Romanda beni en çok etkileyen kısımlardan biri Murtaza’nın ailesi ile olan ilişkisi oldu. Çevresinin güldüğü Murtaza ailesi tarafından da sevilmez. Karikatürleşmiş bir karakter olarak hikayesini gülerek okuruz, adam kayırdığı için vazifeyi kutsal bilmesine saygı duymayız ve fakat ona bir yandan da yapayalnız olduğu için acırız. Altı çocuğu ve bir karısı olan Murtaza yalnız biridir. Ailesinden hiç kimsenin duygularına önem vermediği için bu yalnızlığı hak eder aslında. Örneğin subay olmak istemediğini söyleyen büyük oğlu Hasan’a hiç değer vermez. Kızlar zaten onun için yok hükmündedir.

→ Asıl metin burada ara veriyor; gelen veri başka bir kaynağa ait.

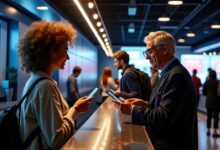 Prix du Cinépass Pathé en 2026 : Guide complet des tarifs et des options à privilégier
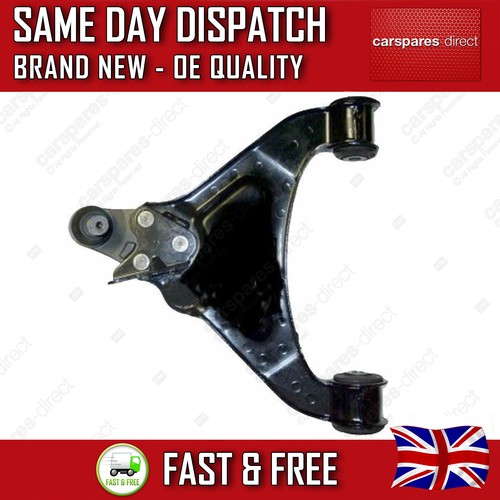 Mgf front left - left, passenger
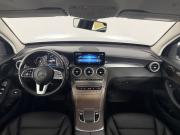 Mercedes-Benz GLC I (X253) Рестайлинг Калининград  - изображение 44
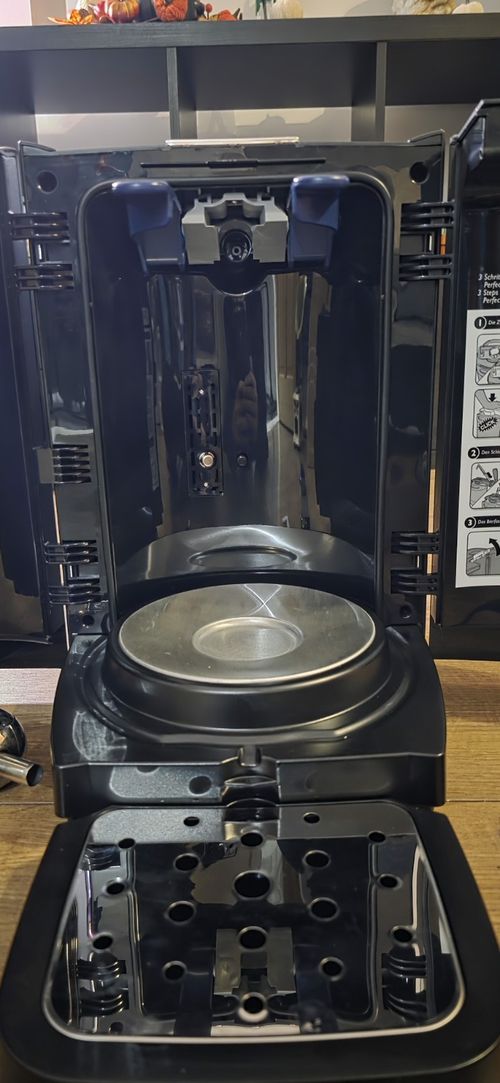 Philips Perfect Draft Home Draft Beer Machine 7000 Series — image 6
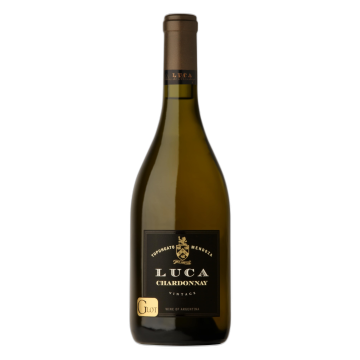 Chardonnay 'G-Lot'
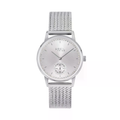 Breil | Orologio | EW0801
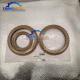 722.6 Cvt Automatic Transmission Repair Kit Friction Plate Kit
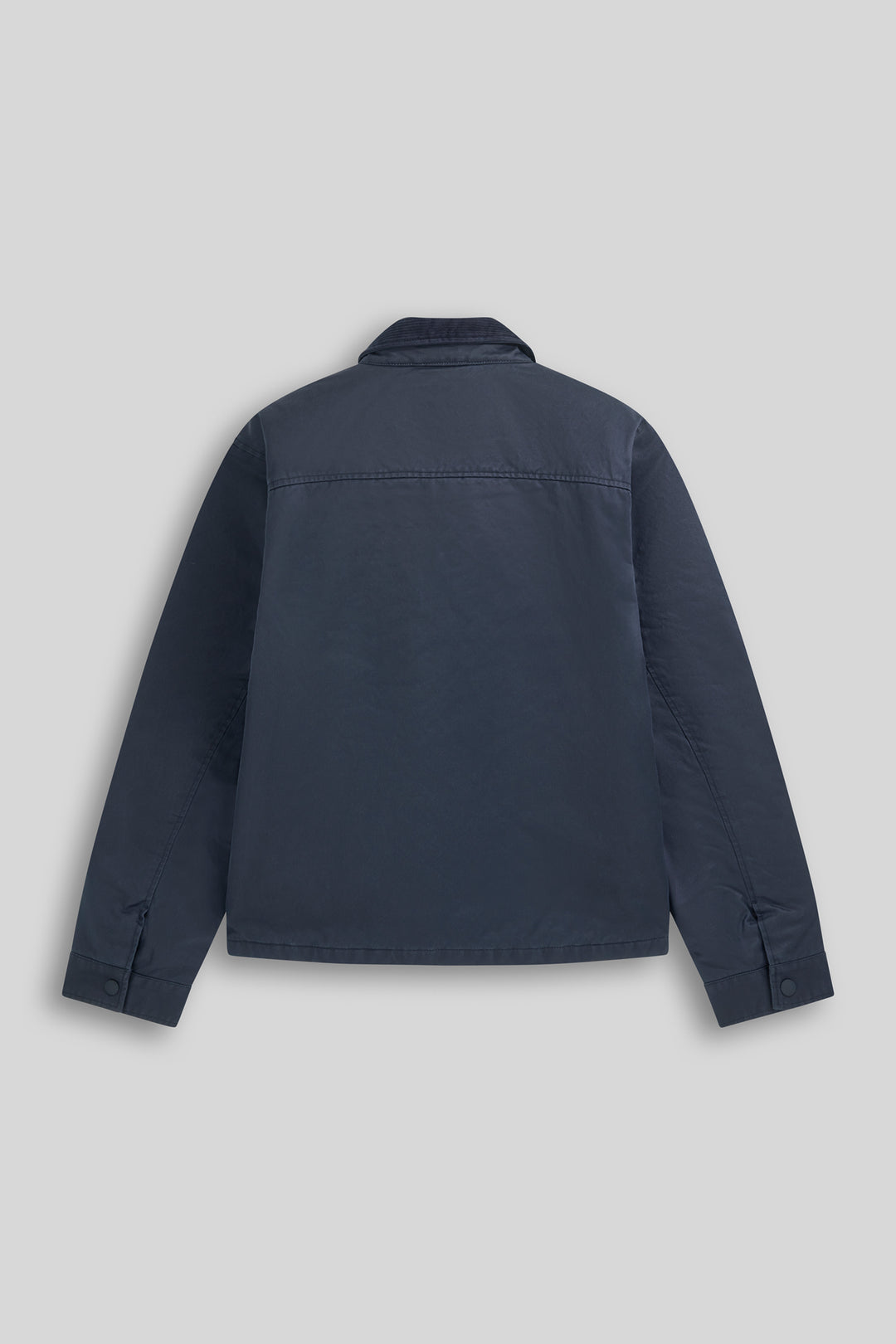 DENI JACKET 4706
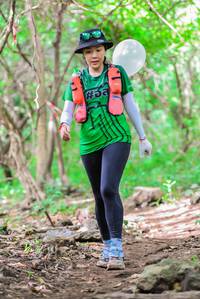 BIB: 
                            <button type="button" onclick="openModal(5150435)" class="btn btn-primary btn-sm float-right btn-popup" data-toggle="modal" data-target=".modal-high-quality">
                        <i class="fas fa-shopping-cart"></i> Add to Cart
                    </button>
                                            <button type="button" onclick="isThisMe(5150435, true)" class="btn btn-success btn-sm float-right btn-popup btn-isme hidden" data-toggle="tooltip" data-placement="bottom" title="นี่คือรูปของคุณใช่ไหม คลิกที่นี่เพื่อเอาเข้าอัลบั้ม">
                        <i class="fas fa-plus"></i> Add to album
                    </button>
                    <button type="button" onclick="isThisMe(5150435, false)" class="btn btn-warning btn-sm float-right btn-popup btn-isnotme hidden">
                        <i class="fas fa-ban"></i> Remove from album
                    </button>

Çalışmaktan helak olan karısı ise asla Murtaza’ya layık biri değildir çünkü ona Kolağası Hasan Bey gibi bir evlat doğuramamıştır.
Murtaza, Orhan Kemal’in diğer eserleri gibi kolay okunur, akıcı bir dile sahip bir roman. 1952 yılında yayınlanmış. Zaman zaman Murtaza’nın tekerlemeye dönmüş sözlerinin fazla tekrarlarından bunalsak da Orhan Kemal’in muzip anlatımı yüzümüzü güldürüyor.
Son olarak Murtaza’nın sinemada 1965 yılında Müşfik Kenter ve 1986 yılında Müjdat Gezen tarafından canlandırıldığını belirtelim. İyi okumalar!